START RECORDED INFORMATION

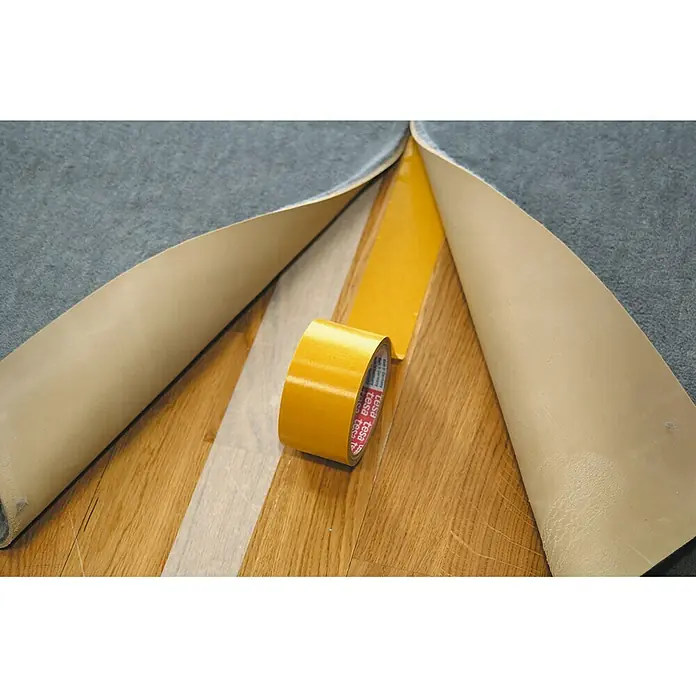 Tesa Cinta de doble cara Universal Moquetas - 10 m x 50 mm
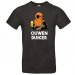 T-shirt Ouwen Duiker 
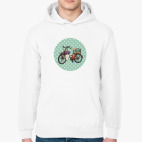 Толстовка худи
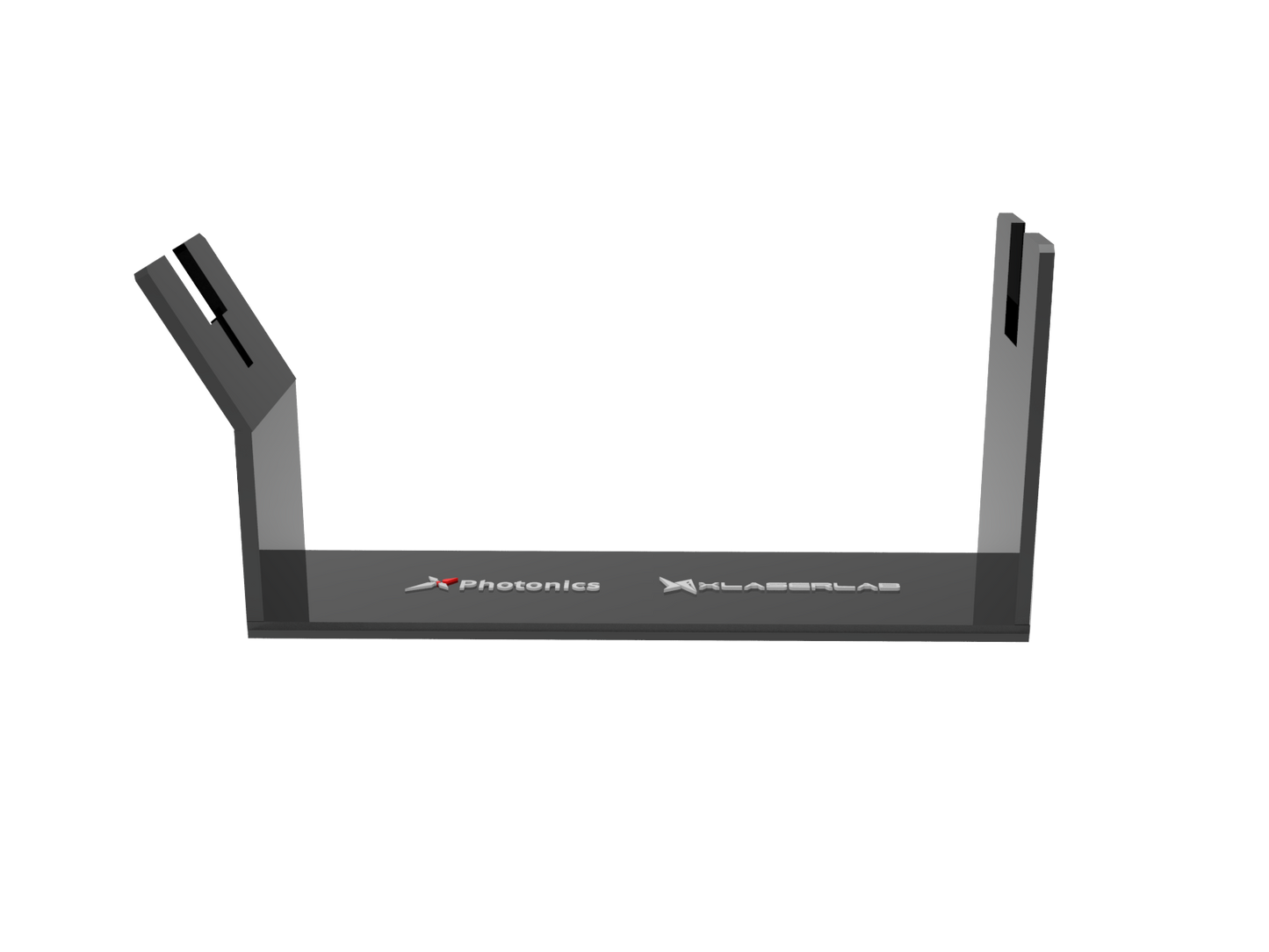 X1 Pro Laser Gun Holder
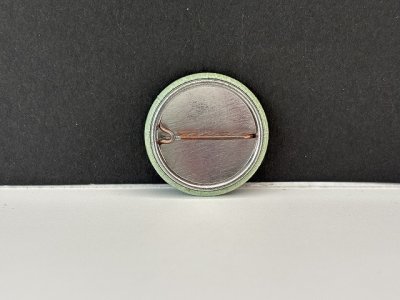 画像2: ビンテージ 缶バッジ 缶バッチ USA vintage ヴィンテージ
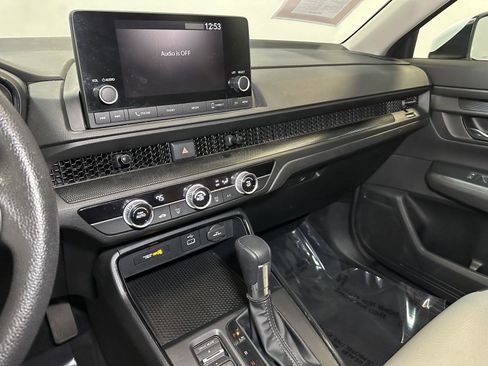 Certified 2023 Honda CR-V LX image 27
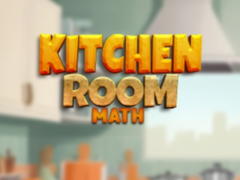 Παιχνίδι Kitchen Room Math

END RECORDED INFORMATION

**TRY IT**
Going from the line with "T-shirt Ouwen Duiker" to the last line of the listing, write out each line exactly and nothing else. Leave out all pictures.

**ANSWER TO THIS EXERCISE**
 T-shirt Ouwen Duiker 
 Толстовка худи
 X1 Pro Laser Gun Holder
 画像2: ビンテージ 缶バッジ 缶バッチ USA vintage ヴィンテージ
 Certified 2023 Honda CR-V LX image 27
 Παιχνίδι Kitchen Room Math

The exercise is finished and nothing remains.